Difference between HttpServletResponse.encodeURL and encodeRedirectURL

11 02 2007

When supporting session-tracking by means of URL-rewriting (for which the session ID is added into URLs as a path parameter when necessary), the Javadoc for HttpServletResponse makes it clear that encodeRedirectURL should be used for URLs that are being passed to sendRedirect, but encodeURL should be used for all other URLs. It also says that the reason for having two separate methods is that the rules for deciding whether or not to insert the session ID into the given URL “can differ” between the two methods.

However, the Javadoc does not explain what the relevant rules are, nor why the two methods may need to use different rules, nor whether any specific differences are required between the two methods or whether this is merely a provision through which servlet-container implementations can provide container-specific differences if necessary (or through which differences could be introduced in future).

It has taken a bit of hunting around to find any reasonable explanation of the actual differences between encodeURL and encodeRedirectURL. So even though I’m not convinced I’ve got the entire story or understood all the implications, it seems worth summarising my findings here, so as to provide one more place where people can find details of this.

The only specific answers I could find are from looking at the source code of the Tomcat and Glassfish “reference implementations”, and in a comp.lang.java.help message by Saad Malik, which itself is based on examination of the Tomcat source code.

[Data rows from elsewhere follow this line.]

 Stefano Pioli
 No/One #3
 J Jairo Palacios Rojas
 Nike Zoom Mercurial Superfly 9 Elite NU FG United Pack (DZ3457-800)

Looking at the Glassfish source code (as the “latest” reference implementation), the only actual difference between encodeURL and encodeRedirectURL seems to be:

  • When inserting the session ID into an empty-string URL, the encodeURL method converts the empty-string into an absolute URL and inserts the session ID into that absolute URL rather than into the given empty string, whereas the encodeRedirectURL treats empty-string URLs just like any other (that is, it attempts to insert the session ID into the given empty string, although the code that actually does the insertion then returns the empty string unchanged because it does not insert the session ID if the given string has nothing prior to any query string or fragment identifier).

Note that:

  • This somewhat contradicts the Javadoc statement that the rules used to insert the session ID can differ between methods (the rules for deciding whether to insert the session ID are exactly the same, but the insertion of the session ID differs).
  • There is a comment in the encodeURL source code that justifies its use of the absolute URL if the given URL is an empty string by saying “W3c spec clearly said”. However, this comment doesn’t identify the particular W3C specification involved or on what basis it is believed to require this, so it remains conjecture as to exactly why this is required (see below).
  • As this is just code in the reference implementation, it remains unclear to what extent this is the required behaviour of these methods and to what extent it just happens to be what that particular implementation has chosen to do (and it is not even clear whether and why this behaviour is correct).
  • The conversion of the given empty-string URL to an absolute URL is based on the URL of the corresponding request (excluding any query string or fragment identifier). It is somewhat unclear whether this should take into account any RequestDispatcher “forwarding” of the request, or whether it should be for the original URL of the request as used by the client when making the request. Given the intended usage of the encodeURL method, I’d assume that the empty-string URL should be taken as relative to the resource that was requested by the client, as per the original request’s getRequestURL (that is, regardless of any subsequent “wrapping” of the request due to any “forwarding” or other such adjustment of the request during its processing). But that’s just my own assumption.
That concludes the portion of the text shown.